Work item:
All of the records below should be output exactly.

..........

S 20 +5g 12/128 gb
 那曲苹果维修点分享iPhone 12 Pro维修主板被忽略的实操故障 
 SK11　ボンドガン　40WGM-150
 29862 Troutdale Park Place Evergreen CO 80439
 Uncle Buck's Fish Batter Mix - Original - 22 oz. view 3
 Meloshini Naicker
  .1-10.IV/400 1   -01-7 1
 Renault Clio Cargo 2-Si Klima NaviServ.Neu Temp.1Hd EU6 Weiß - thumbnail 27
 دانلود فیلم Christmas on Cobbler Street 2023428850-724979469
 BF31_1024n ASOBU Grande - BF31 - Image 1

..........

Expected answer:
S 20 +5g 12/128 gb
 那曲苹果维修点分享iPhone 12 Pro维修主板被忽略的实操故障 
 SK11　ボンドガン　40WGM-150
 29862 Troutdale Park Place Evergreen CO 80439
 Uncle Buck's Fish Batter Mix - Original - 22 oz. view 3
 Meloshini Naicker
  .1-10.IV/400 1   -01-7 1
 Renault Clio Cargo 2-Si Klima NaviServ.Neu Temp.1Hd EU6 Weiß - thumbnail 27
 دانلود فیلم Christmas on Cobbler Street 2023428850-724979469
 BF31_1024n ASOBU Grande - BF31 - Image 1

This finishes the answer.